Upgrading Thinking Sphinx

Thinking Sphinx has changed quite a bit over time, and if you’re upgrading from an old version, you may find some of your code needs to be changed as well. Here’s a few tips…

Upgrading to Sphinx 2.1.x

You will need to use Thinking Sphinx 3.0.6 or newer, and please note the release notes.

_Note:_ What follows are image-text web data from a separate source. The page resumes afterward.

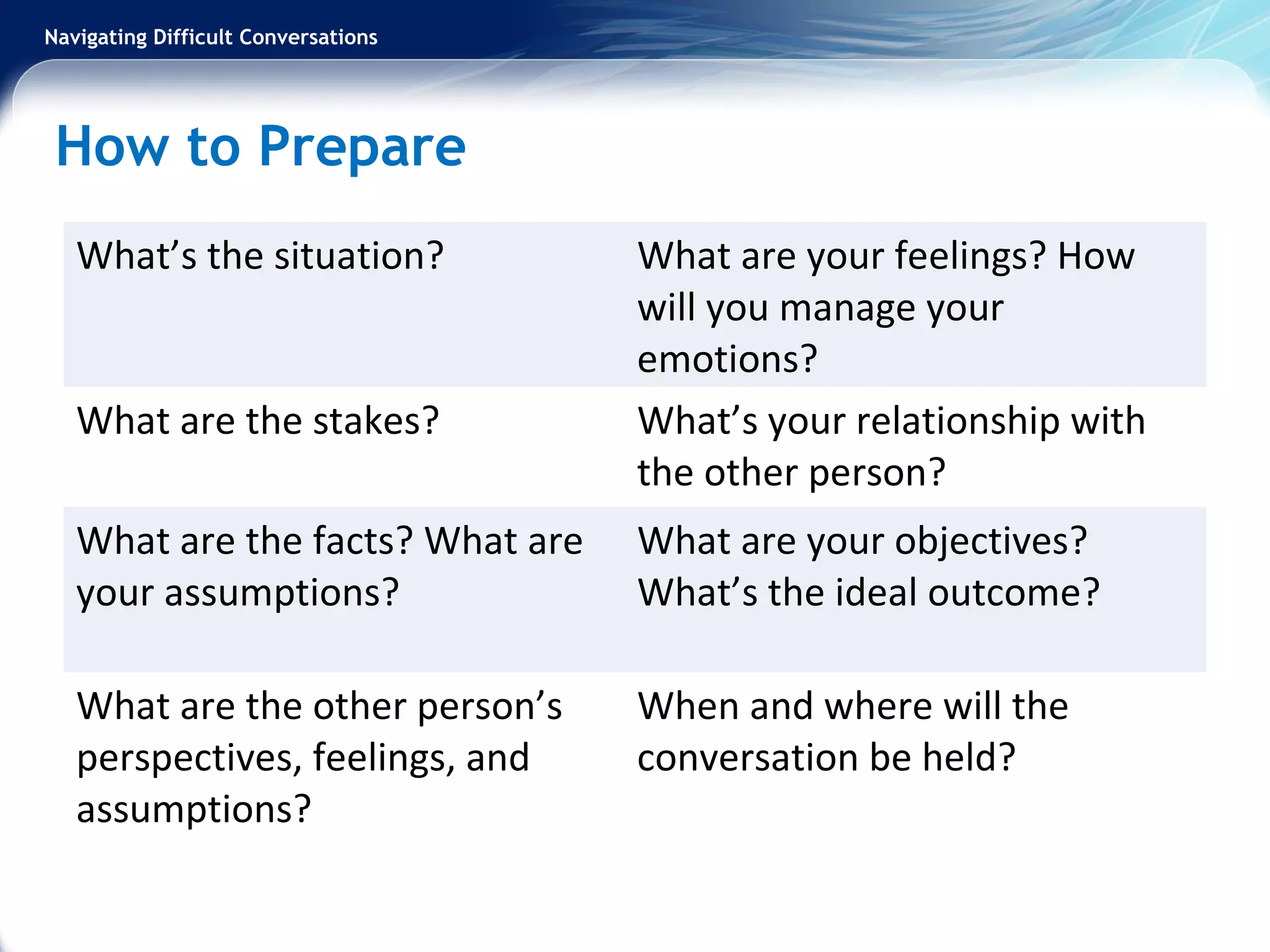 Navigating Difficult Conversations
How to Prepare
What’s the situation? What are your feelings? How
will you manage your
emotions?
What are the stakes? What’s your relationship with
the other person?
What are the facts? What are
your assumptions?
What are your objectives?
What’s the ideal outcome?
What are the other person’s
perspectives, feelings, and
assumptions?
When and where will the
conversation be held?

Upgrading to 3.x from 1.x or 2.x

There’s quite a bit that’s changed in Thinking Sphinx 3.0, as it’s a complete rewrite. First, the important changes:

  • Index definitions now live in app/indices.
  • config/sphinx.yml is now config/thinking_sphinx.yml.
  • mysql2 gem (at least 0.3.12) is required for connecting to Sphinx (using its mysql41 protocol).
  • Specifying a different port for Sphinx to use (in config/thinking_sphinx.yml) should be done with the mysql41 setting, not the port setting.
  • The match mode is always extended - SphinxQL doesn’t know any other way.
  • If you’re explicitly setting a time attribute’s type, instead of :datetime it should now be :timestamp.
  • Sorting options and grouping options are much simpler.
  • ThinkingSphinx 3 is much less tolerant of badly-formed query strings passed in to .search and .facets methods. Use of Riddle::Query.escape on user-submitted query strings is recommended.
  • Delta arguments are passed in as an option of the define call, not within the block:
ThinkingSphinx::Index.define(
  :article, :with => :active_record, :delta => true
) do
  # ...
end

Other changes for those who have delved a bit further:

  • The searchd_log and searchd_query_log settings are now log and query_log (matching their Sphinx names), and config_file and searchd_file_path are now configuration_file and indices_location respectively.
  • If you’re explicitly setting a time attribute’s type, instead of :datetime it should now be :timestamp.
  • Set INDEX_ONLY to true in your shell for the index task to re-index without regenerating the configuration file.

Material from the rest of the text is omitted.